Just shooting from the hip off of intuition here, but wouldn't the distance of the lens, from either the object or the screen, to produce a focused image be dependent on the size of the object and the intended size of the projected image of the object on the screen?

I think that you're thinking of a person looking through magnifying glass, in which case one doesn't need to produce a focused image, because one's eye will focus the image (as long as the image isn't too far from being focused). Or you might be imagining a projector, which can be moved a bit and still produce a readable image. However, that's only if the projector is moved only a small distance. If you focus a projector at one distance, then try to move it a significant distance away, it won't be focused anymore.

"To visualize the story, you may try to do the following experiment. Get the magnifying glass (it is a converging lens), [light] the candle, and set up a screen (piece of paper). By moving the converging lens between the screen and the candle, you will find that there [is] one specific distance between the candle and the lens that produces the larger image of the candle light."

If they can't get the English right, that supports the supposition that they got the math wrong.

 

[Schneibster]

A converging lens has a focal length of 10 cm. A screen is placed 30 cm from an object. Where should the lens be placed, in relation to the object, to produce a focused image?

You're supposed to be able to get the answer using the thin lens equation,

F = 10cm
di + do = 30cm

1/di + 1/do = 1/F

But nothing I've tried clicks. Everything seems to indicate that when the focal length is 10cm, the image always appears at least 40cm away. Sorry to post such a crappy question but I'm stumped.

OK, the first thing you need to do is consider precisely how the lens works.

Focal lengths for lenses are for an object at infinity. Convex lenses form real images for objects farther than the focal length, and virtual images for objects closer than the focal length.

The equation to use is the thin lens formula:

1/F = 1/s1 + 1/s2
where,
F is the focal length of the lens;
s1 is the distance from the lens to the object; and
s2 is the distance from the lens to the real image.

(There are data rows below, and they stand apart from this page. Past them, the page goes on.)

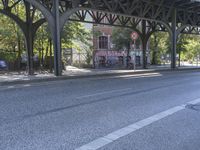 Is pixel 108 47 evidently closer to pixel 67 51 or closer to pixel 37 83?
pixel 67 51

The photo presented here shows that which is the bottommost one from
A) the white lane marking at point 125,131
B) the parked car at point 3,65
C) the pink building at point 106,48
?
the white lane marking at point 125,131

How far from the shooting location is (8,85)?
12.7 m

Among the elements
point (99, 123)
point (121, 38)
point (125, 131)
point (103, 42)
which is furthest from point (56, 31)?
point (103, 42)

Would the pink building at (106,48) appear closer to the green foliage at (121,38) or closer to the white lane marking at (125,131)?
the green foliage at (121,38)

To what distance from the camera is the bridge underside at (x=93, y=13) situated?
50.9 ft

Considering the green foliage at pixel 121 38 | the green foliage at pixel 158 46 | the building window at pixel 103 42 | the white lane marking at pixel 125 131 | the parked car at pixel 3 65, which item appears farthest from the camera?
the green foliage at pixel 158 46

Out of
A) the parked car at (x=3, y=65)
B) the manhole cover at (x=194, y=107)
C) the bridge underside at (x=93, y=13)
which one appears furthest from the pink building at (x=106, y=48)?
the manhole cover at (x=194, y=107)

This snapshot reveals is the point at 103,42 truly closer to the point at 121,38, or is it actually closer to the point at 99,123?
the point at 121,38

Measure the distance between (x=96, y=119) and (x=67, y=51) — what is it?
76.7ft

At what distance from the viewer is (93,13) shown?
22.7 metres

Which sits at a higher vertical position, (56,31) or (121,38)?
(121,38)

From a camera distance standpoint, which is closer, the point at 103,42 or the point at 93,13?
the point at 93,13

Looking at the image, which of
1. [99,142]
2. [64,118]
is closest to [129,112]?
[64,118]

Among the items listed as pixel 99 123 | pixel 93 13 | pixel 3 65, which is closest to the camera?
pixel 99 123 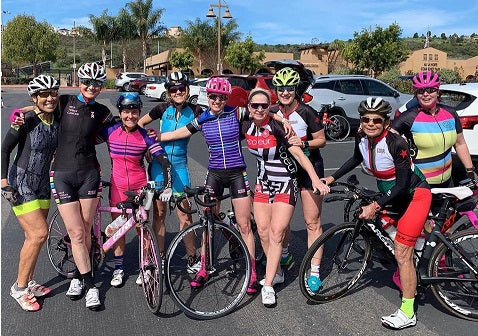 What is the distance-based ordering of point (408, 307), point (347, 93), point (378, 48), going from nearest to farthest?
1. point (408, 307)
2. point (347, 93)
3. point (378, 48)

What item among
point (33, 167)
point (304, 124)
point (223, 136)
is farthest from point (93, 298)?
point (304, 124)

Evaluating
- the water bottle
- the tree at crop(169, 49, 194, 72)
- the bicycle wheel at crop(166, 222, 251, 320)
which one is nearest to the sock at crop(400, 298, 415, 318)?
the bicycle wheel at crop(166, 222, 251, 320)

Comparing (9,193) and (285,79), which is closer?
(9,193)

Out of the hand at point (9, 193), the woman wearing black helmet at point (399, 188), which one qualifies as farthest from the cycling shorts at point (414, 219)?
the hand at point (9, 193)

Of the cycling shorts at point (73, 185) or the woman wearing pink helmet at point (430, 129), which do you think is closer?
the cycling shorts at point (73, 185)

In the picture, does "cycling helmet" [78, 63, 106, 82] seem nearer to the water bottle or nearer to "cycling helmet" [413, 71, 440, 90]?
the water bottle

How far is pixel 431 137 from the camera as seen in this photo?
4.31 m

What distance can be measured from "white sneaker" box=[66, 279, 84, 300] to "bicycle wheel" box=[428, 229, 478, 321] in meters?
2.99

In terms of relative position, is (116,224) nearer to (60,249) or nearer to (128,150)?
(128,150)

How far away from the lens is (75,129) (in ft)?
13.1

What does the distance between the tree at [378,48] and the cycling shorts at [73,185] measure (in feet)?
121

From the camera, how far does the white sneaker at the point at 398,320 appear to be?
3658 millimetres

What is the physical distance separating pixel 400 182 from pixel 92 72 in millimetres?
2699

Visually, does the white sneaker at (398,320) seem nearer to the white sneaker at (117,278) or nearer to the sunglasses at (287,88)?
the sunglasses at (287,88) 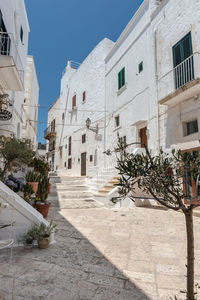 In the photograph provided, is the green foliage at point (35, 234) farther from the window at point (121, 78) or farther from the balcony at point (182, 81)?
the window at point (121, 78)

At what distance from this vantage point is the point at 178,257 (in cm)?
315

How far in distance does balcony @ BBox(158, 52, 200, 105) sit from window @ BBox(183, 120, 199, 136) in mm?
968

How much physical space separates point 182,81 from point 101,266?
733 centimetres

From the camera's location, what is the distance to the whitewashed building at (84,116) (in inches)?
561

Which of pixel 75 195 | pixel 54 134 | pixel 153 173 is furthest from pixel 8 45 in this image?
pixel 54 134

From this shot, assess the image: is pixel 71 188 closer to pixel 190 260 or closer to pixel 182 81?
pixel 182 81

Note that this formula is only valid if the distance to the object is greater than the focal length. In this case, since the focal length is 10cm, and there is 30cm between screen and object, there might be enough distance to form a real image on the screen if we place the lens between the object and the screen. To find out, we have to determine what the sum of the distance to the object and the distance to the screen must be, and it must be less than 30cm.

Now, we also know that
s1 + s2 = 30cm
and
F = 10cm

If s1 is 10cm, then

1/10 = 1/10 + 1/s2
which would make s2 undefined. Let's try s1 = 11cm.

1/10 = 1/11 + 1/s2
so,
1/s2 = 1/10 - 1/11 = 1/110
Nope, that won't work. In fact, as s1 varies from 11cm to 10cm, s2 varies from 110cm to infinity.

How about if we make s1 = 30cm?
1/10 = 1/30 + 1/s2
so,
1/s2 = 1/10 - 1/30 = 1/15
And that won't work either. A brief look at this shows that as s1 varies from 10cm to 30cm, s2 varies from infinity to 15cm. You cannot bring the object to focus with only 30cm total to work with. The minimum distance is 40cm. You get that with s1 = s2 = 20cm. I'll leave it to you to prove that.

 

[Yllanes]

The minimum distance is 40cm. You get that with s1 = s1 = 20cm. I'll leave it to you to prove that.

I already did... post #7.

 

[Schneibster]

I already did... post #7.

So you did. I didn't look closely enough. Well, at least the querent is certain it's right.